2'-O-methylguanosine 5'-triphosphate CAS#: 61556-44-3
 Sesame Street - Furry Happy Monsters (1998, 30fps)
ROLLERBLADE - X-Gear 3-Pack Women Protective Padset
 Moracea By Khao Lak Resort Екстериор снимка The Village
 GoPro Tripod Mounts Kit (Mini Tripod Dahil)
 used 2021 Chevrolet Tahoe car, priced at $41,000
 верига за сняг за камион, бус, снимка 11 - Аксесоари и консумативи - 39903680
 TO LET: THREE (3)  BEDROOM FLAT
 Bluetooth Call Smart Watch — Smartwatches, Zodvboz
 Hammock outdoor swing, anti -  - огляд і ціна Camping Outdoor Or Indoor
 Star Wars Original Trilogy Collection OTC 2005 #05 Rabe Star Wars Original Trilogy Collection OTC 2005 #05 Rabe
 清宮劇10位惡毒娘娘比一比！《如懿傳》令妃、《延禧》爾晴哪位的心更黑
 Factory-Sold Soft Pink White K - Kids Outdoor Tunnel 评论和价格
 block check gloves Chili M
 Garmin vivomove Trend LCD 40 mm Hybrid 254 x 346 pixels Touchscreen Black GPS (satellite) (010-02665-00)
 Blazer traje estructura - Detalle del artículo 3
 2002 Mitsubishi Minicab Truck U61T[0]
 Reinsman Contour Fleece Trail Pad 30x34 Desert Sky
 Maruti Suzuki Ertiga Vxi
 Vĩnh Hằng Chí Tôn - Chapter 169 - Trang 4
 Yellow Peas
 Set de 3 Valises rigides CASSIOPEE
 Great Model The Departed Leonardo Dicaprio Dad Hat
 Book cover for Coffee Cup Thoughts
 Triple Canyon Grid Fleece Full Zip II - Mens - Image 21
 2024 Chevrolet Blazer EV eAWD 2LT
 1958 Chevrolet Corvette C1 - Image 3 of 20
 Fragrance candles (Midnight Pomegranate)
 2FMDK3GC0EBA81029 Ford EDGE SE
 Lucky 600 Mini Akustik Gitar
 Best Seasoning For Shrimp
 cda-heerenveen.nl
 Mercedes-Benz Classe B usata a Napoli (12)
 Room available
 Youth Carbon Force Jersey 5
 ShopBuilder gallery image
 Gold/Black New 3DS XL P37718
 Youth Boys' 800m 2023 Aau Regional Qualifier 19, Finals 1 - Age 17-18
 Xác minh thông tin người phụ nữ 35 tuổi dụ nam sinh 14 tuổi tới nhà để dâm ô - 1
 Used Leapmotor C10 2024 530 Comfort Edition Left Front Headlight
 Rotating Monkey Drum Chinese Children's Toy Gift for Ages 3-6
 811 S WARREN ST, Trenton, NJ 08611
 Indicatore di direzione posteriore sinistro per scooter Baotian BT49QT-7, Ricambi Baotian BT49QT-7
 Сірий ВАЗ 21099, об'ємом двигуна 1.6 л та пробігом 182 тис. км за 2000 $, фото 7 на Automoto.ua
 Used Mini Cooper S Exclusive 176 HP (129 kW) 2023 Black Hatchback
- - - - - - -
> _What you should do_: Everything from the line containing "Yellow Peas" through the final line above must be copied exactly, with both ends kept.

> _Output_:
 Yellow Peas
 Set de 3 Valises rigides CASSIOPEE
 Great Model The Departed Leonardo Dicaprio Dad Hat
 Book cover for Coffee Cup Thoughts
 Triple Canyon Grid Fleece Full Zip II - Mens - Image 21
 2024 Chevrolet Blazer EV eAWD 2LT
 1958 Chevrolet Corvette C1 - Image 3 of 20
 Fragrance candles (Midnight Pomegranate)
 2FMDK3GC0EBA81029 Ford EDGE SE
 Lucky 600 Mini Akustik Gitar
 Best Seasoning For Shrimp
 cda-heerenveen.nl
 Mercedes-Benz Classe B usata a Napoli (12)
 Room available
 Youth Carbon Force Jersey 5
 ShopBuilder gallery image
 Gold/Black New 3DS XL P37718
 Youth Boys' 800m 2023 Aau Regional Qualifier 19, Finals 1 - Age 17-18
 Xác minh thông tin người phụ nữ 35 tuổi dụ nam sinh 14 tuổi tới nhà để dâm ô - 1
 Used Leapmotor C10 2024 530 Comfort Edition Left Front Headlight
 Rotating Monkey Drum Chinese Children's Toy Gift for Ages 3-6
 811 S WARREN ST, Trenton, NJ 08611
 Indicatore di direzione posteriore sinistro per scooter Baotian BT49QT-7, Ricambi Baotian BT49QT-7
 Сірий ВАЗ 21099, об'ємом двигуна 1.6 л та пробігом 182 тис. км за 2000 $, фото 7 на Automoto.ua
 Used Mini Cooper S Exclusive 176 HP (129 kW) 2023 Black Hatchback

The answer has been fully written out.